Re: which gray is best for print?

2008-09-06 Thread Kent
On Friday 05 September 2008 08:36:45 pm Gary Kline wrote:
 On Fri, Sep 05, 2008 at 10:38:59PM +0200, Polytropon wrote:
  On Fri, 5 Sep 2008 13:06:01 -0700, Gary Kline [EMAIL PROTECTED] wrote:
 I'm still open to the bg color.  The display white is not true,
 paper-white.  Anyway, pretty sure the ink+paper publishers have
 their own [[ BETTER ]] ideas.  I'm looking for what looks good on
 the web.
 
  You can't look at the Web, you're looking at a monitor or at a sheet
  of paper. :-) The same color may look different on
  * a CRT type monitor
  * a LCD type monitor
  * a hardcopy done by a color laser printer
  * a hardcopy done by a color ink pee printer
  * ...

   So you're saying that the white on my [monster] CRT is not the
   same as on a future LCD Display?  rats:)  --I can't see much
   difference in my new laserjet from my HP500 DeskJet, but then it
   wasn't a main concern ... .

How do you have your digital camera set to color correct for white? Your eyes 
automatically compensate. Look at a photo taken in tungsten light, without 
automatic white balance turned on and then, view it or print it in raw mode 
so that you see the real world and then, compare it with what you saw.

Most monitors have a color temperature setting, which determines how the 
displayed colors are shifted. IIRC, our eyes peak at 5500 (a yellow green??), 
which is the color temperature of the sun.
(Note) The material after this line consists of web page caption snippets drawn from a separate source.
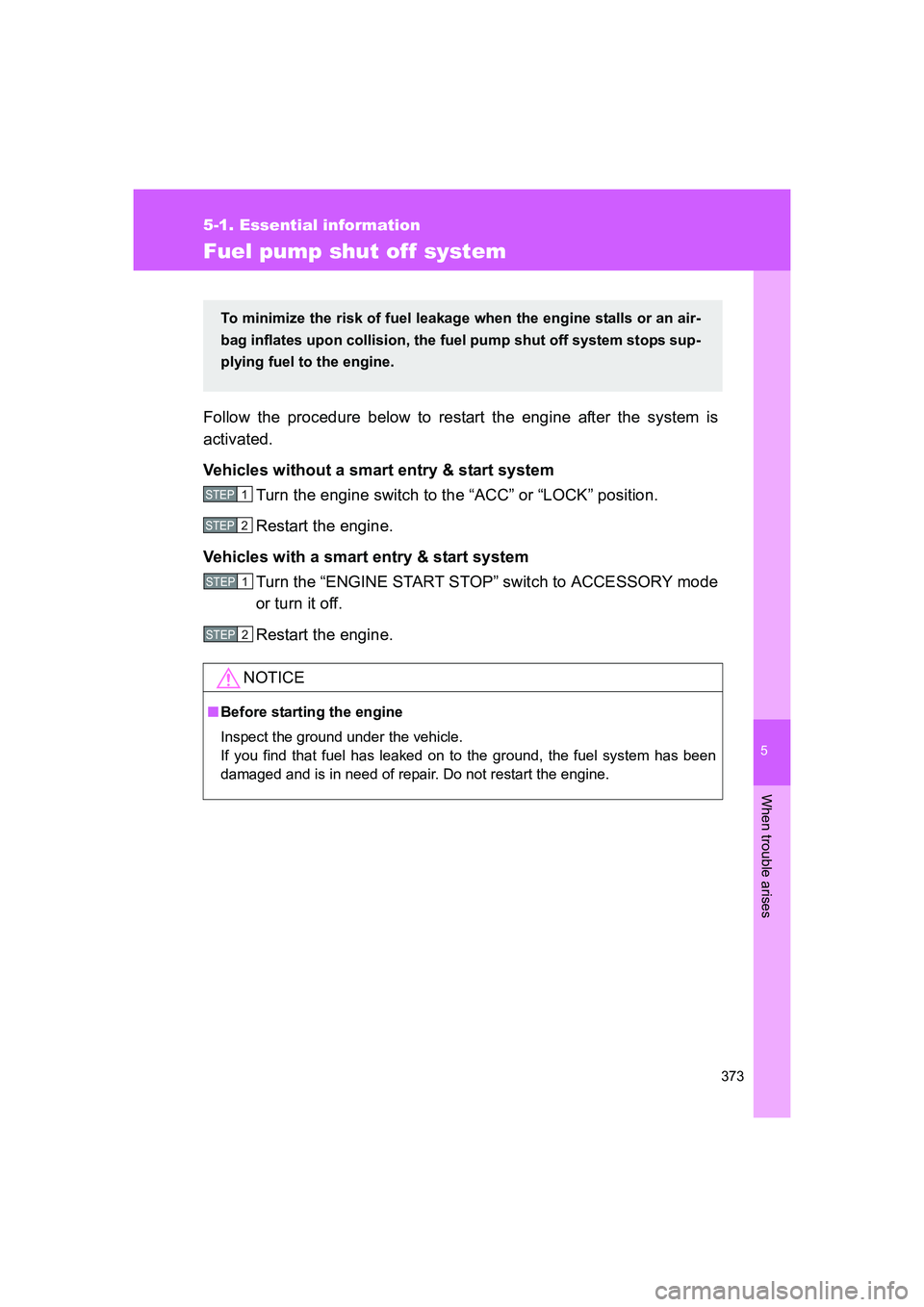 TOYOTA GT86 2016  Owners Manual (in English) 5
373
5-1. Essential information
When trouble arises
FT86_EE
Fuel pump shut off system
Follow the procedure below to restart the engine after the system is
activated.
Vehicles without a smart entry & 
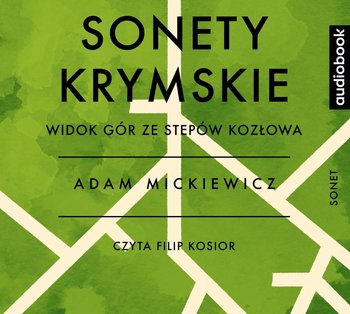 Sonety krymskie. Widok gór ze stepów Kozłowa - Mickiewicz Adam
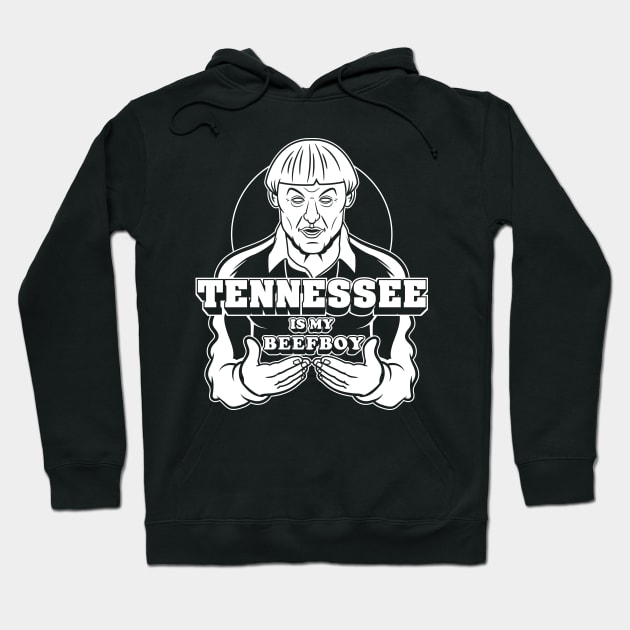 Tennessee Is My Beefboy Hoodie by wolfkrusemark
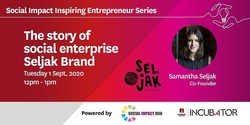 Banner image for Macquarie University Incubator, Social Impact Inspiring Entrepreneur Series | The story of Seljak Brand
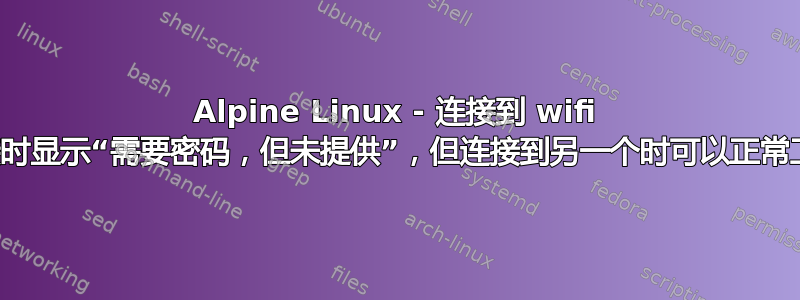 Alpine Linux - 连接到 wifi 连接时显示“需要密码，但未提供”，但连接到另一个时可以正常工作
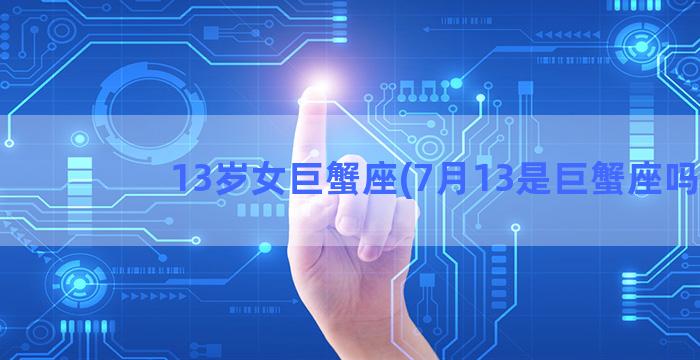 13岁女巨蟹座(7月13是巨蟹座吗)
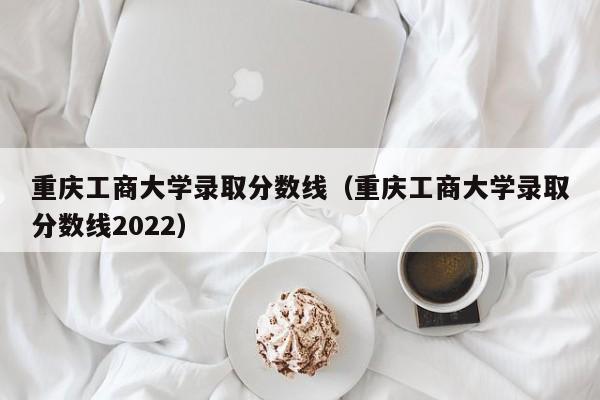 重庆工商大学录取分数线（重庆工商大学录取分数线2022）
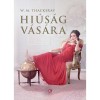 Hi&uacute;s&aacute;g v&aacute;s&aacute;ra - William Makepace Thackeray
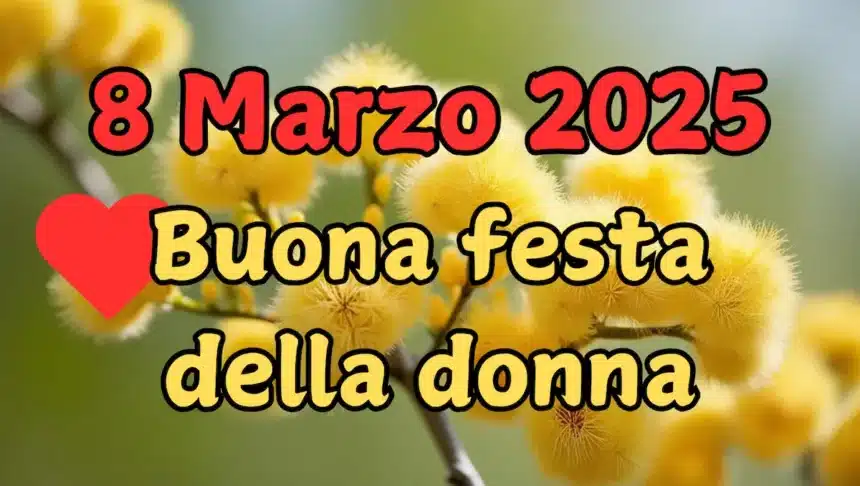 Immagini di buongiorno, frasi e auguri per la Festa della Donna, 8 Marzo 2025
  This is due to the nature that these devices use different color
  spaces (RGB, composed additively, CMY, composed negatively), and
  most of them even aren't calibrated. GRB and CMY are parts of the
  CIE specified space (see CIE diagram), but they don't have all the
  colors in common. There are colors you can show on a CRT, but you
  cannot print them 1:1.

   I took all 5 quarters of physics, like most of us, but never got
   far into optics.  And certainly, nothing like *this*.  the
   quality of my writing is much more important that the colors of
   typeface or background.  But this is an interesting side-bar.

But the ability of people to read it is an important consideration. I hate 
those web pages with dark backgrounds that I have to use the mouse to select 
the text so that I can read it. I am a speed reader and basically see words 
as images. Dark backgrounds strain my eyes and I can't read as fast as I can 
with dark text on light backgrounds. I get bored really fast when I start 
reading at 150-200 wpm instead of my normal 700-1200 wpm.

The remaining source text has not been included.